0

I'm wondering the following in regard to the Datanode disks setup in Hadoop cluster. Which of the those two options is better:

  1. To add one (or few) disks to the Datanode, and attach more after they start to fill in.

  2. Or to start with as many disks as possible from the beginning and to fill them at the same time.

Two other related questions: It is best to get as big drives as possible in order to obtain maximum capacity for the limited number of drive slots?

How much storage can a single Datanode support? (of course it depends on the Datanode hardware specification, but still... any approximate limit?)

mart
  • 3
  • 3
  • Wikipedia claims that HDFS is "designed to scale to tens of petabytes". https://en.wikipedia.org/wiki/Apache_Hadoop#Other_file_systems See also https://en.wikipedia.org/wiki/Apache_Hadoop#Prominent_users – user Oct 27 '16 at 15:40

1 Answers1

0

First, the number of spindles is directly correlated with the performance of your mapreduce jobs (up to a point). In general, you want to do something like 1-2 CPU cores per spindle.

Second, balancing out additional spindles after the fact can be a challenge.
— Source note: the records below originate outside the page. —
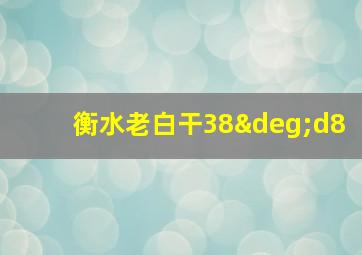 衡水老白干38°d8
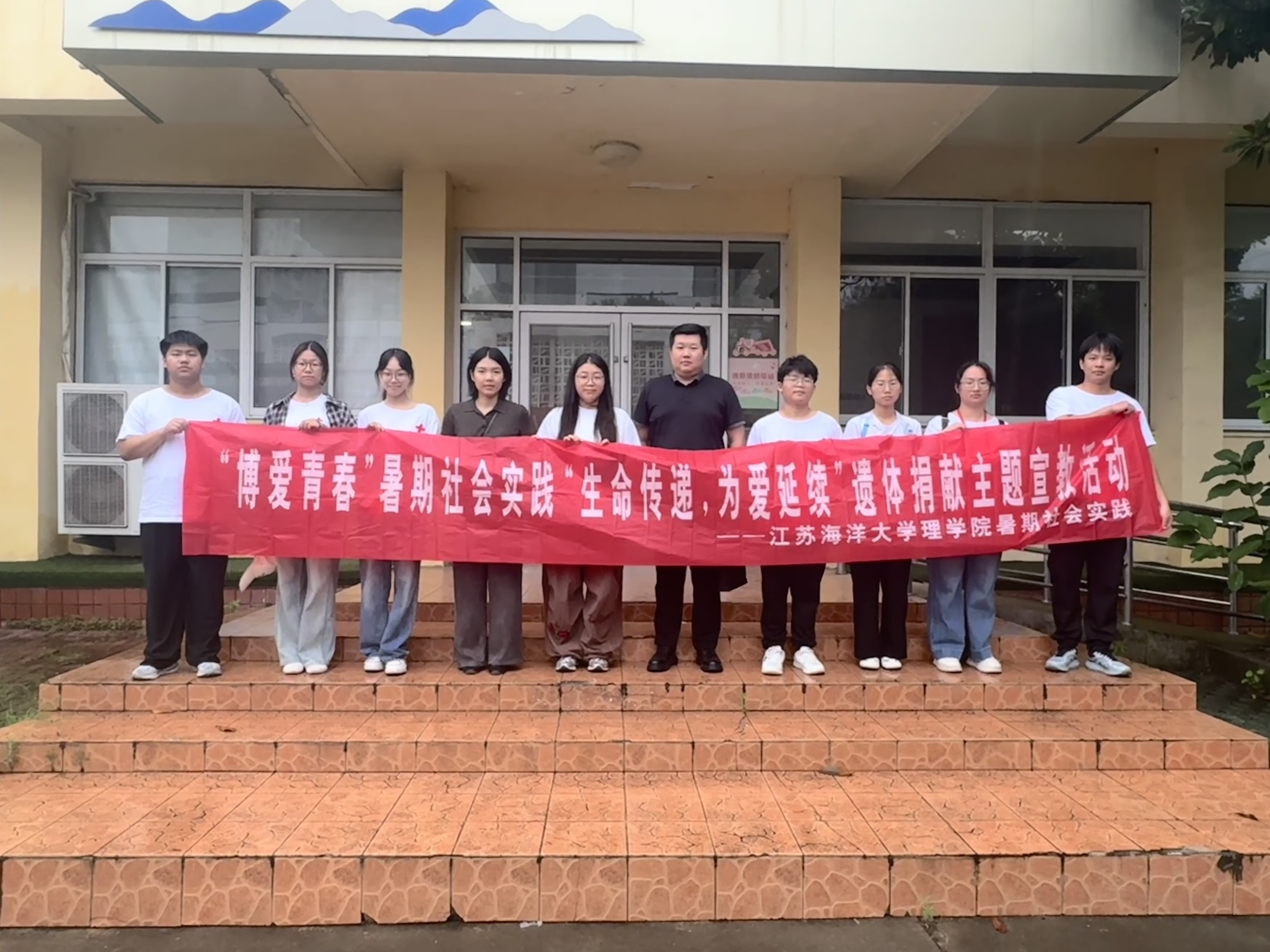 大合照.JPG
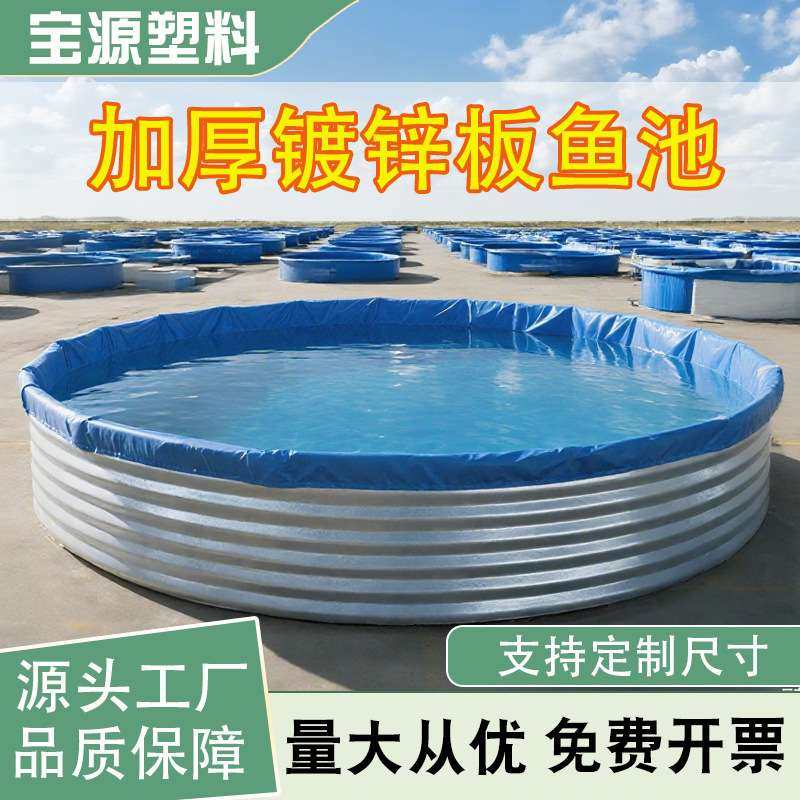镀锌板鱼池圆形户外帆布鱼池高密度加厚养鱼专用水箱大型蓄水池,3C数码配件,其它配件,淘宝优惠券,粉丝福利购,淘宝优惠卷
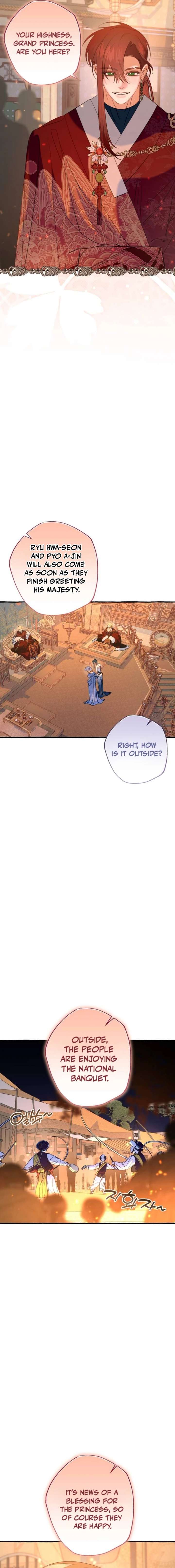 ch 75 14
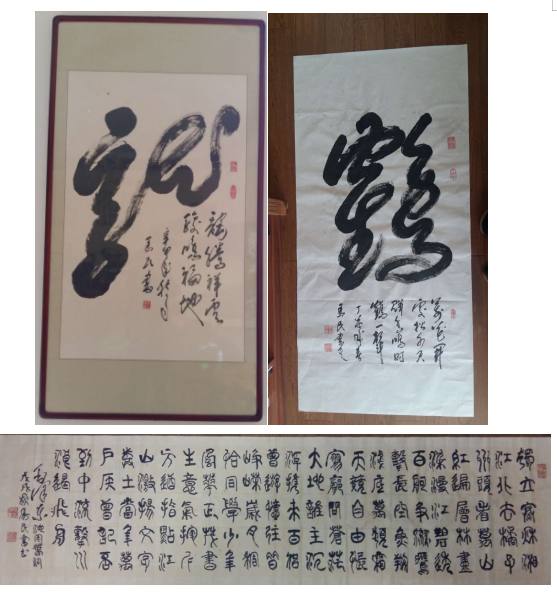 书法作品挥洒自如,妙趣大气,雄浑中透出清雅,柔美中凸显刚毅.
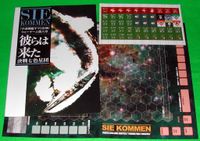 Yamato 2199 Game: Chapter 6 – Sie Kommen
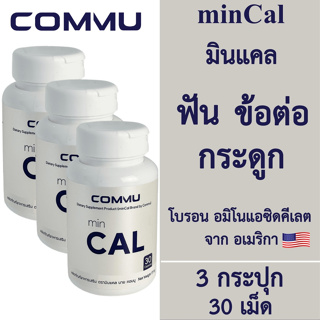 [3 กระปุก] Commu minCal คอมมู มินแคล [30 เม็ด] Calcium บำรุงกระดูกและฟัน แคลเซียมโบรอน บำรุงกระดูกและข้อเข่า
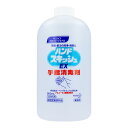 【あわせ買い2999円以上で送料お得】花王プロフェッショナル 業務用 ハンドスキッシュ EX 手指消毒剤 つけかえ用 800mL(4)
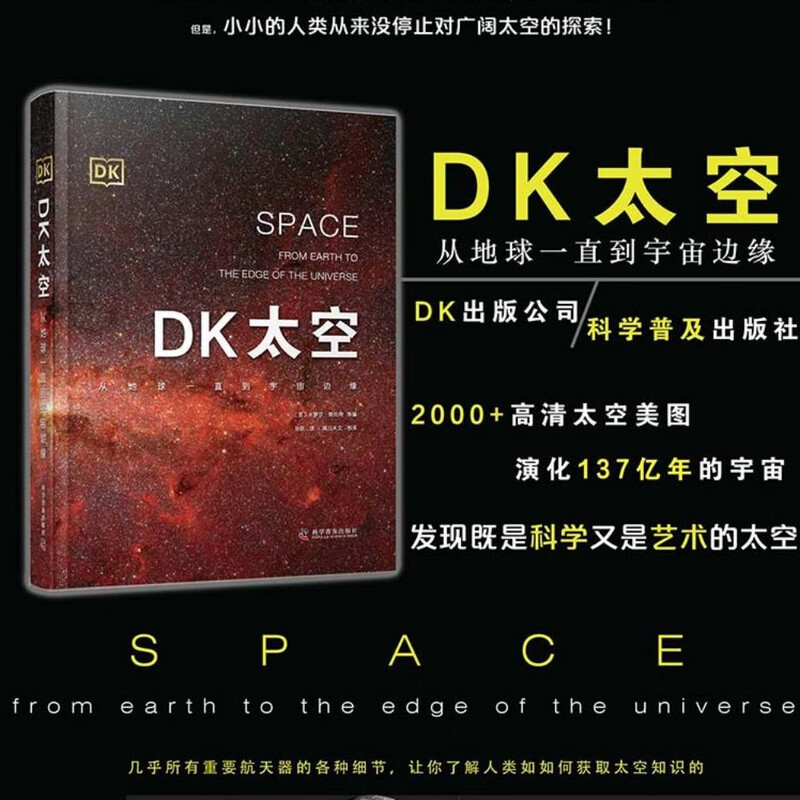 DK探索百科合集5册 地球+生命+文明+太空+行星 一套涵盖天文地理人文自然的百科全书详情图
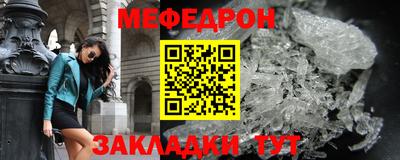 mdpv Рязань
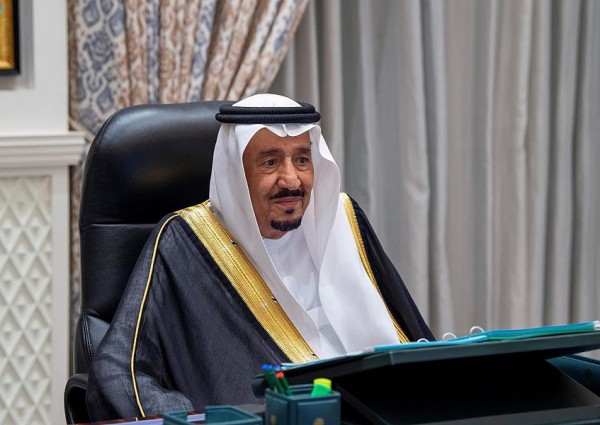 مجلس الوزراء يعقد جلسته ـ عبر الاتصال المرئي ـ برئاسة خادم الحرمين الشريفين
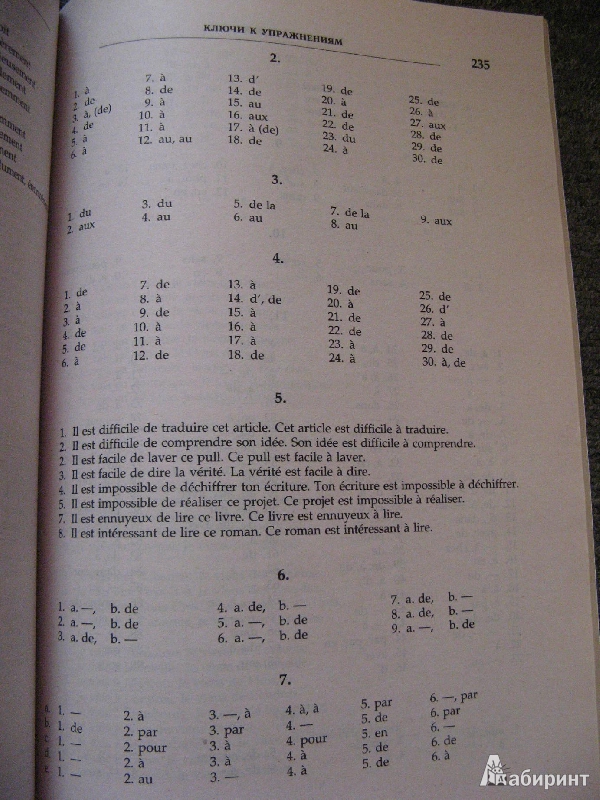 Упражнения по грамматике французского языка с ответами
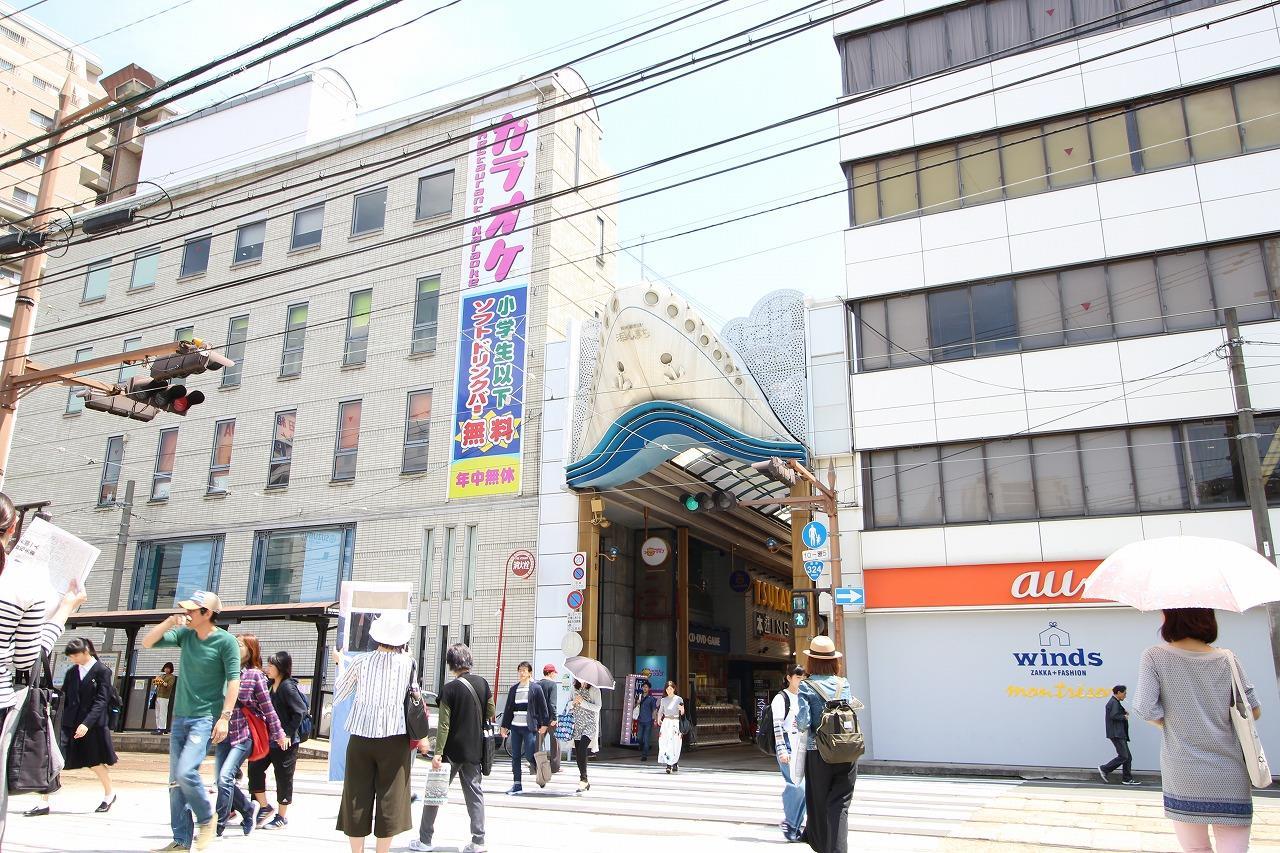 その他　浜町アーケード（その他）まで750m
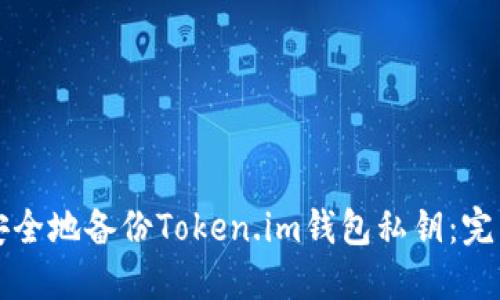 如何安全地备份Token.im钱包私钥：完整指南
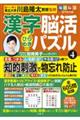 毎日脳活スペシャル 漢字脳活ひらめきパズル 4
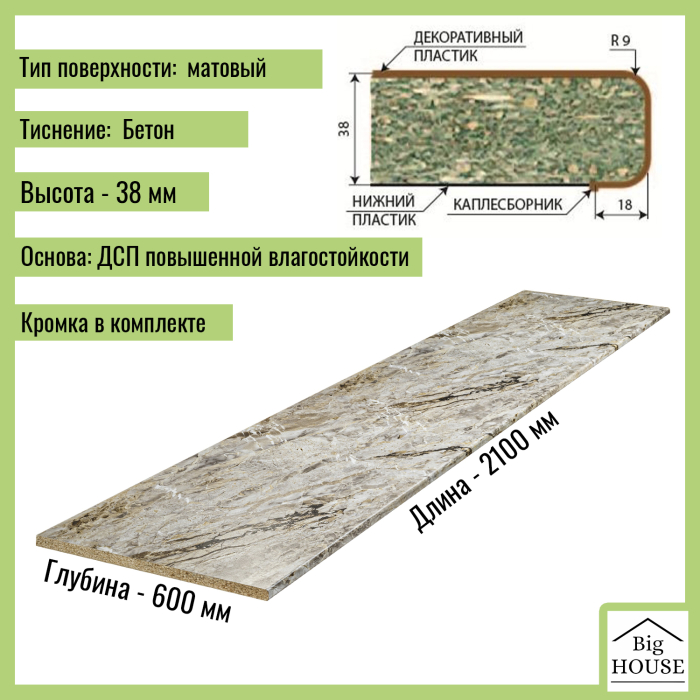 Столешницы, Столешница для кухни Скиф 2100х600x38мм с кромкой.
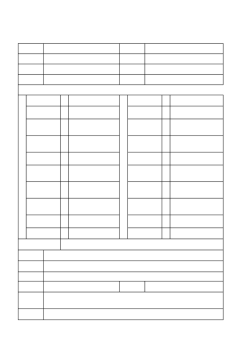 「観光サービス科」訓練計画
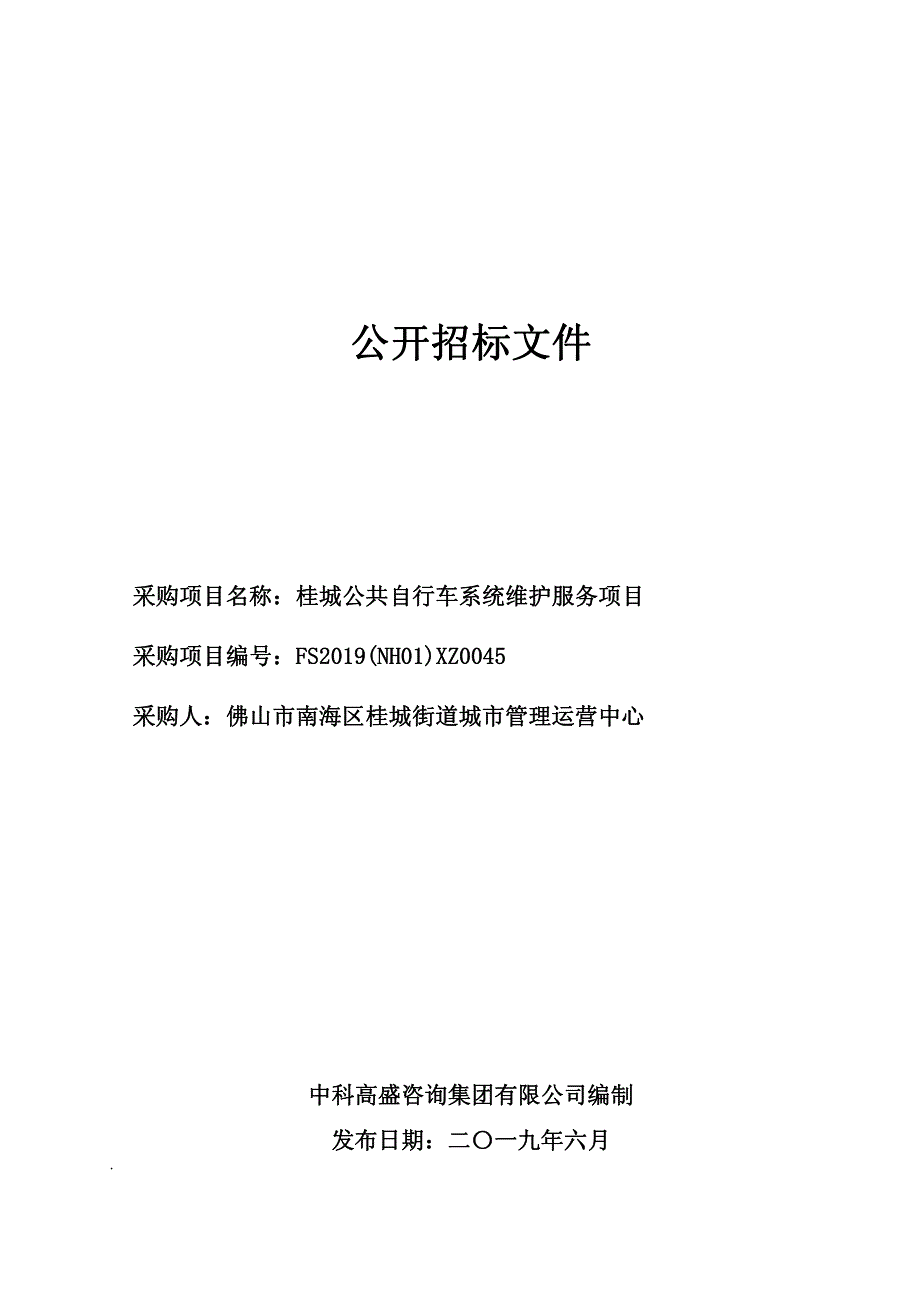 桂城公共自行车系统维护服务项目招标文件_第1页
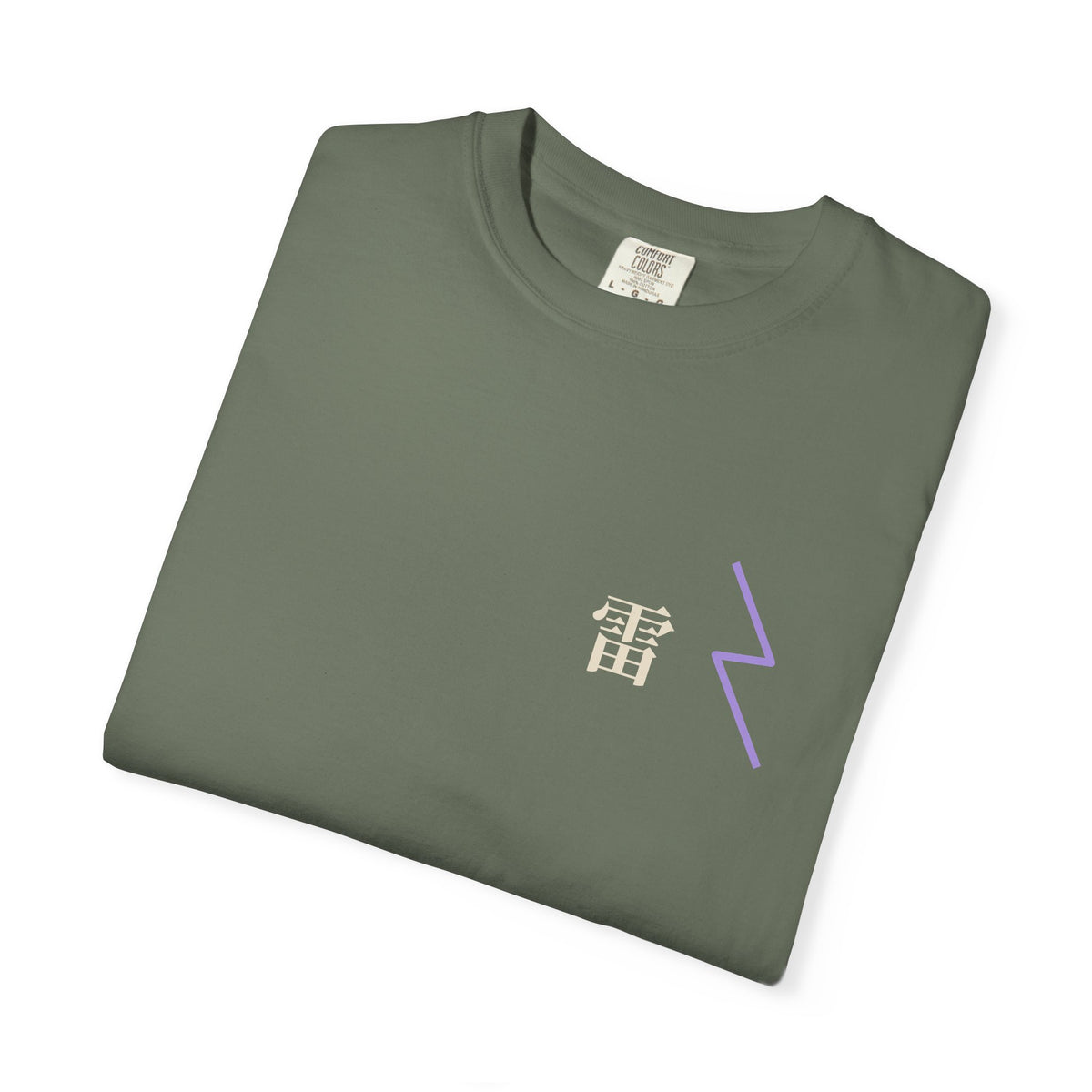 Storm Flame Kanji Anime Tee | Clan Crest Japanese Streetwear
Only recently has code been added to do intra-datanode rebalancing across spindles. The regular balancer only does balancing across nodes, so you can still get misbalanced spindles. There is some support to tweak the block placement policy so that it levels out over time when you add new spindles, but that means new data gets written only to the spindles that are least-used.

Third, I probably wouldn't do more than 12x 6TB drives (or about 72TB per datanode) at this point. This will handle a few million blocks worth of data. Above that, you start running into a few performance issues that require cluster tuning because things like the datanode block report taking too long. A lot of this is going to depend upon your use case.

I've seen clusters with a much higher drive density, but it's taken alot of tweaking to make it work (and even then there are still issues).

Travis Campbell
  • 1,466
  • 7
  • 15